For some people their answers to these kinds of questions are worked out solely on the basis of:
  • did the person concerned have a penis or a vagina at the time that they were born?
Not so long ago (and sometimes in some places even now) questions like the following have been answered on the same basis – did the person concerned have a penis or a vagina at the time that they were born?

  • How much should a person get paid to do a job?
  • Should this person be allowed to speak in church?
  • Can the person be a Bishop?
  • Is this person allowed to vote in an election?
And yes, I know that they are different kinds of questions. But they illustrate that the significance of words can change over time.
Once upon a time in the country where I live it was correct to say: “A voter is a man”. But these days it isn’t.

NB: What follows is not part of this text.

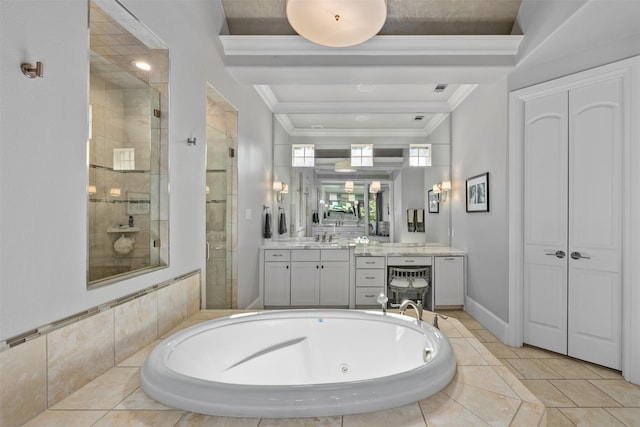 bathroom with vanity, crown molding, and shower with separate bathtub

I believe that things are changing. The vocabulary that we use isn’t always able to cope well with the daily realities that we face.

For now, I’ll ask just one more question and provide my own answer.

  • As Freddy’s child grows, is Freddy able to support child in the kinds of ways that a father supports his child?
And my answer:
  • I got the feeling that the answer to that question at least is yes.
I know ... a lot more could be said about this – including arguments about how I phrased that last question and answer.

But for now, I’m leaving it at that.